# RL CIA-1 21011101136
# Contextual Bandit-Based Vehicle Recommendation System

In [1]:
import numpy as np
import pandas as pd
from sklearn.preprocessing import LabelEncoder
from collections import defaultdict
import random

## Initialize Vehicle Options and User Profiles(Assuming a small dataset of vehicle options and mock user data)

In [2]:
vehicles = ['Sedan', 'SUV', 'Truck', 'Convertible', 'Hatchback']
num_vehicles = len(vehicles)

In [3]:
label_encoder = LabelEncoder()
label_encoder.fit(vehicles)

LabelEncoder()

In [4]:
users = [
    {'user_id': 1, 'age': 25, 'location': 'urban', 'preference': 'SUV'},
    {'user_id': 2, 'age': 35, 'location': 'suburban', 'preference': 'Sedan'},
    {'user_id': 3, 'age': 45, 'location': 'rural', 'preference': 'Truck'}
]

In [5]:
for user in users:
    user['preference'] = label_encoder.transform([user['preference']])[0]

location_encoder = LabelEncoder()
for user in users:
    user['location'] = location_encoder.fit_transform([user['location']])[0]

## Contextual Bandit Setup

In [6]:
vehicle_rewards = defaultdict(int)
vehicle_counts = defaultdict(int)
epsilon = 0.1

## Recommendation Function with Epsilon-Greedy Strategy

In [7]:
def recommend_vehicle(user_context):
    if random.random() < epsilon:
        chosen_vehicle = random.choice(vehicles)
    else:
        avg_rewards = {vehicle: (vehicle_rewards[vehicle] / (vehicle_counts[vehicle] + 1)) for vehicle in vehicles}
        chosen_vehicle = max(avg_rewards, key=avg_rewards.get)
    return chosen_vehicle

## Collect Feedback and Update Rewards

In [8]:
def update_rewards(vehicle, reward):
    vehicle_rewards[vehicle] += reward
    vehicle_counts[vehicle] += 1

## Simulate User Interactions

In [9]:
num_iterations = 100

for i in range(num_iterations):
    user = random.choice(users)

    recommended_vehicle = recommend_vehicle(user)

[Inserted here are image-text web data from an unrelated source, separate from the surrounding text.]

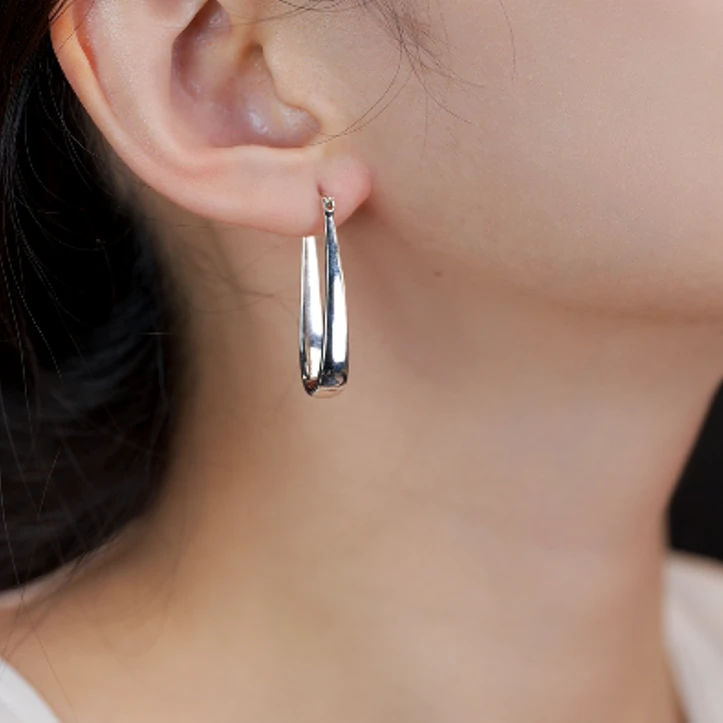 素点 925银耳饰 方长耳环lses0044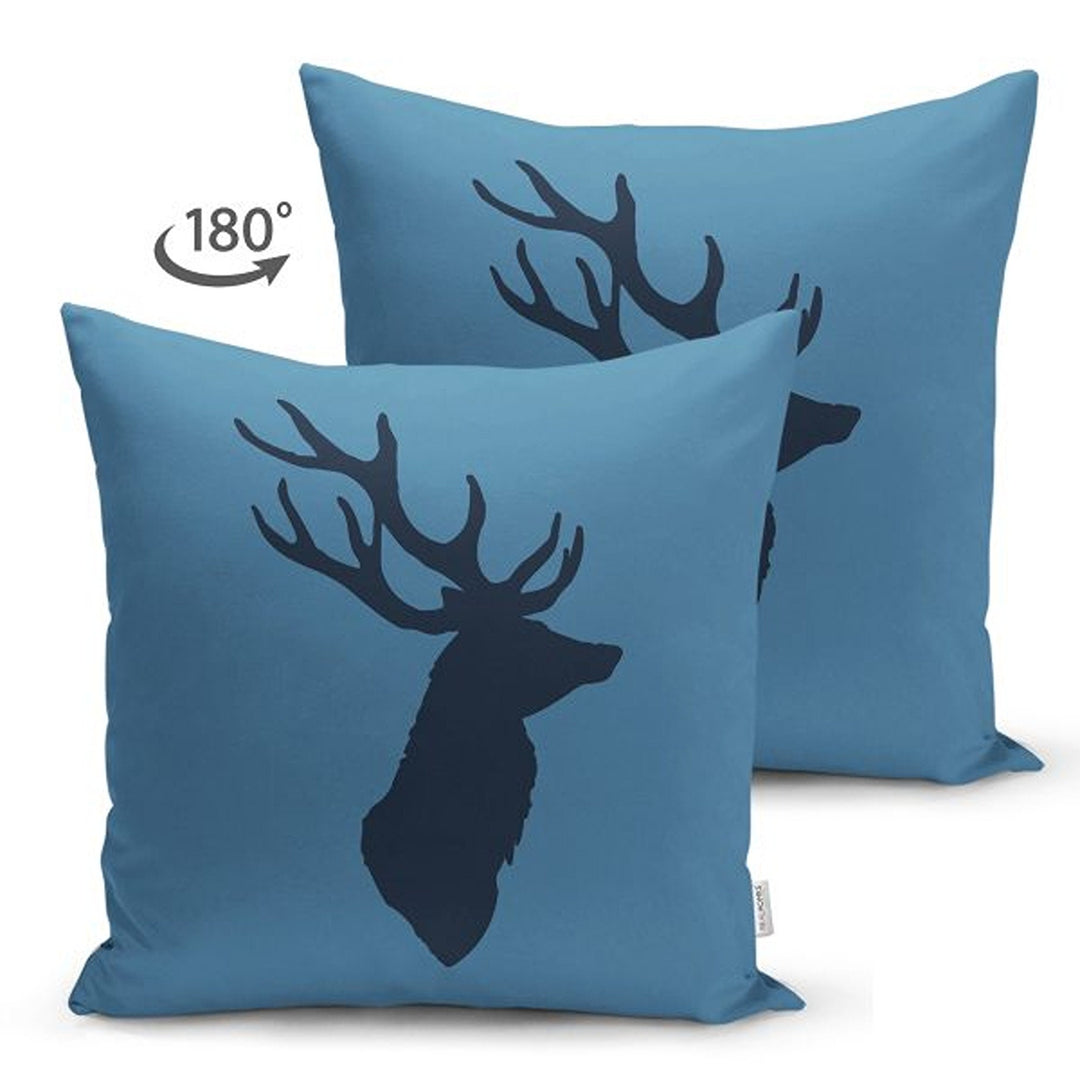 Christmas Pillow Cover|Xmas Deer Head Print Cushion Case|Solid Color Buckhorn Themed Throw Pillowcase|Winter Trend Housewarming Cushion Case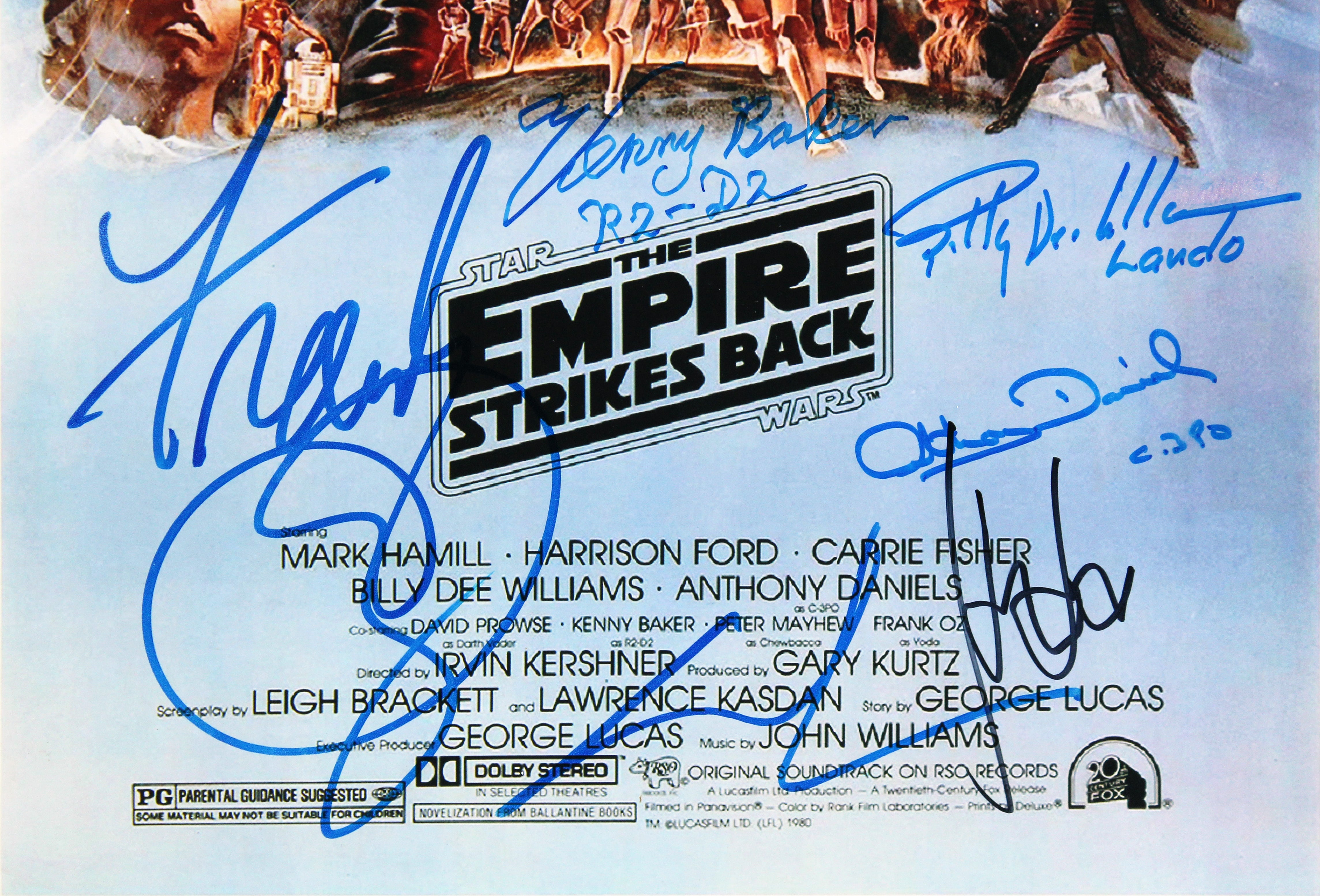 (11) Ford, Fisher, Lucas, Oz, Jones +6 12x18 Star Wars ESB Poster BAS #A39275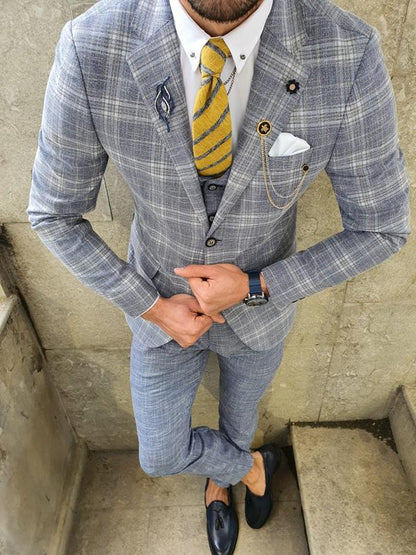 Verno Original Light Blue Slim Fit Plaid Suit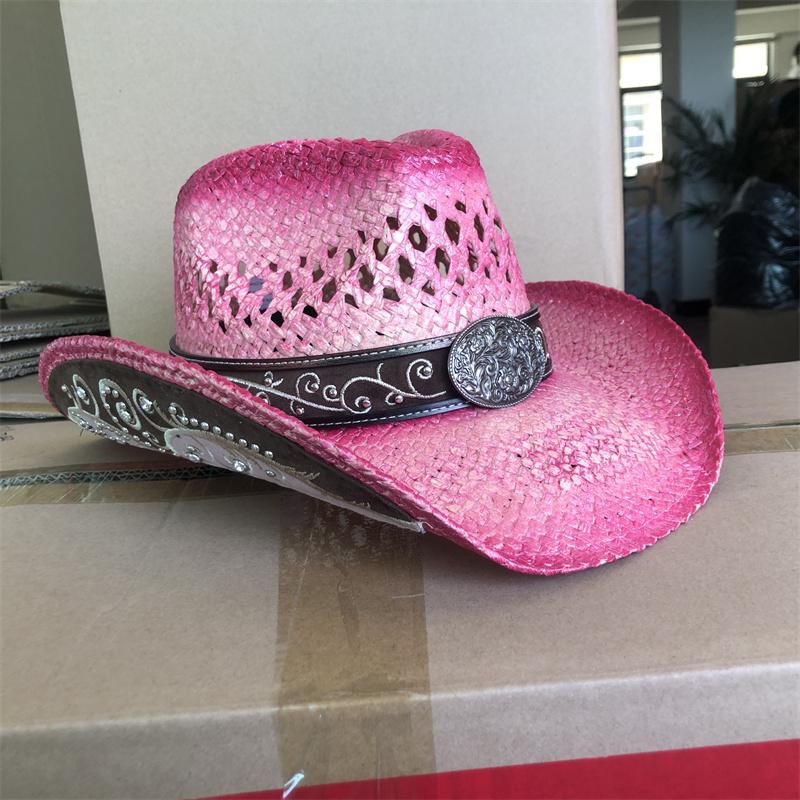 Western Cowboy Rose Red Love Accessories Thickened Summer Cowboy Hat Sun Hat 2025 New Knight Hat Cowboy Men and Women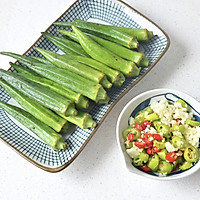 Summer table darling eats two things/okra stewed eggs/ Illustration of how to make boiled okra 2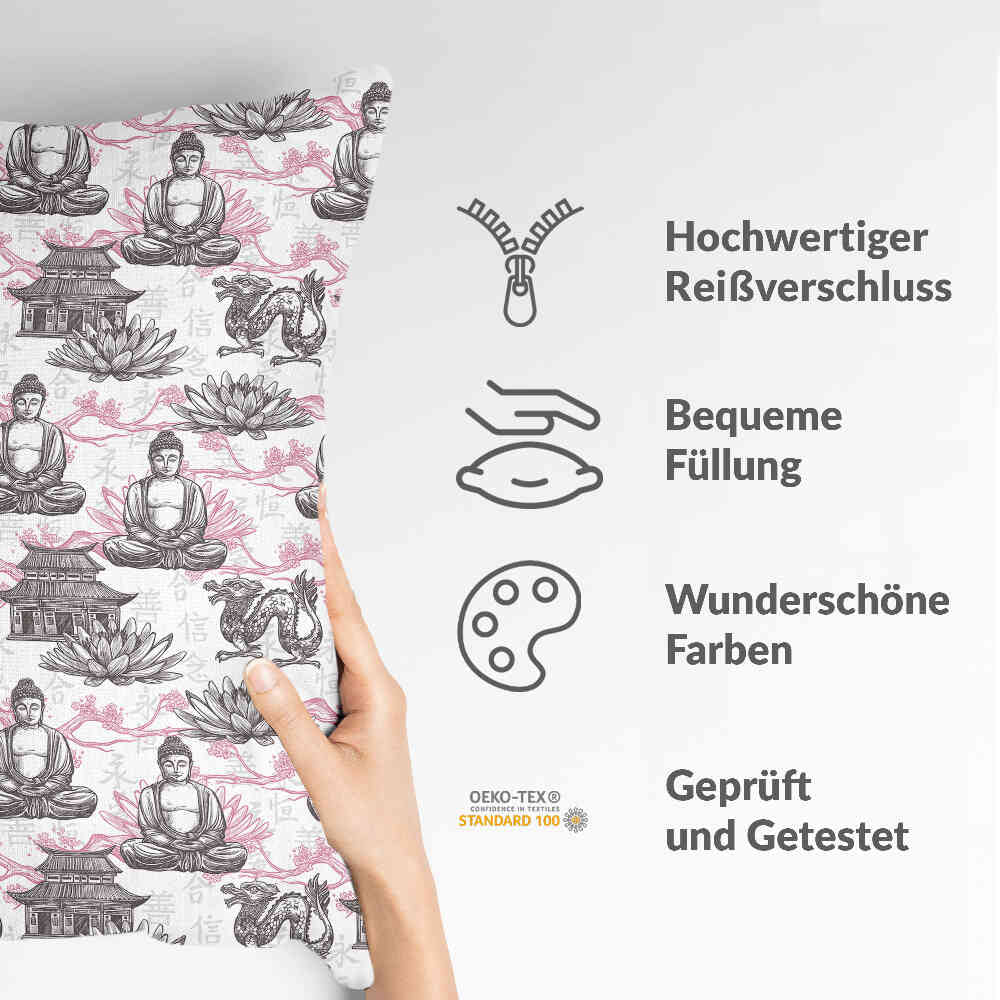 Gesundheitskissen mit rosa Buddha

    reward = 1 if user['preference'] == label_encoder.transform([recommended_vehicle])[0] else 0

    update_rewards(recommended_vehicle, reward)

## Display Results

In [10]:
print("Final cumulative rewards for each vehicle:")
for vehicle in vehicles:
    print(f"{vehicle}: {vehicle_rewards[vehicle]} rewards, {vehicle_counts[vehicle]} trials")

Final cumulative rewards for each vehicle:
Sedan: 17 rewards, 82 trials
SUV: 6 rewards, 11 trials
Truck: 0 rewards, 2 trials
Convertible: 0 rewards, 4 trials
Hatchback: 0 rewards, 1 trials


## Recommendation for the User

In [11]:
def suggest_best_vehicle(user):
    """
    Suggests the best vehicle for a given user based on their context and past feedback.
    
    Parameters:
    user (dict): A dictionary containing user context information such as 'preference'.
    
    Returns:
    str: The recommended vehicle model.
    """
    avg_rewards = {vehicle: (vehicle_rewards[vehicle] / (vehicle_counts[vehicle] + 1)) for vehicle in vehicles}

    preferred_vehicle = label_encoder.inverse_transform([user['preference']])[0]

    if avg_rewards[preferred_vehicle] >= max(avg_rewards.values()):
        return preferred_vehicle
    else:
        best_vehicle = max(avg_rewards, key=avg_rewards.get)
        return best_vehicle

user = {'user_id': 1, 'age': 25, 'location': 'urban', 'preference': label_encoder.transform(['SUV'])[0]}
recommended_vehicle = suggest_best_vehicle(user)
print(f"Recommended vehicle for User {user['user_id']}: {recommended_vehicle}")

Recommended vehicle for User 1: SUV